C’est un truisme, Vercingétorix s’est agenouillé devant César pendant que Jeanne d’Arc brûlait, ou que sais-je encore, Saint-Thomas d’Aquin vivait avec Aristote dans un temps qui n’était pas celui de Ceausescu et Néron, lequel n’était pas celui de Shakespeare, Aristophane et Eschyle, qui n’était pas celui de Platon et Simone Weil. Le temps est chiffonné, il y a des noeuds et des ventres, des points de pression et d’autres moins immédiats, des plages carrément, et des interstices moraux, möbius… qui ne le sait pas ? La linéarité est une impression romantique.
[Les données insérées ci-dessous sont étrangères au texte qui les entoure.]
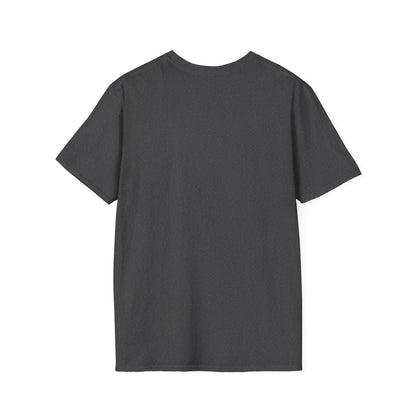 Majestic Lion Wing T-Shirt - Unisex Graphic Tee for Animal Lovers and Adventurers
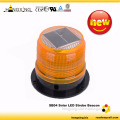 SB04 LED Solar Flash Lamp with Magnetic Base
Dire “le temps avance” c’est comme dire “la terre est plate”. Les sens nous mentent, et la vérité est tragique, tragique.
Ce qu’on sait moins, c’est que l’espace, lui aussi, est plié, replié, lui aussi, chiffonné, et que le temps est plié dans l’espace et l’espace replié dans le temps. Ce n’est pas une feuille de papier en boule, mais deux feuilles de papier froissées ensemble de telle sorte que l’Occitanie romane est au même endroit exactement que l’Acropole socratique sans être tout à fait en même temps. Proust était géographe autant qu’historien : Le Temps Retrouvé aurait pu s’appeler La Carte Dépliée.
Les physiciens ont passé le siècle dernier à réaliser que le temps était plié. Ils passeront celui-ci à réaliser que l’espace l’est tout autant. Enfin ils comprendront peut-être que le temps et l’espace convergent à des vitesses différentes (la vitesse étant le seul problème que personne n’a encore vraiment résolu… il faudrait écrire des millions de fois Heidegger pour comprendre la vitesse). Ils convergent vers un point marqué d’une Croix.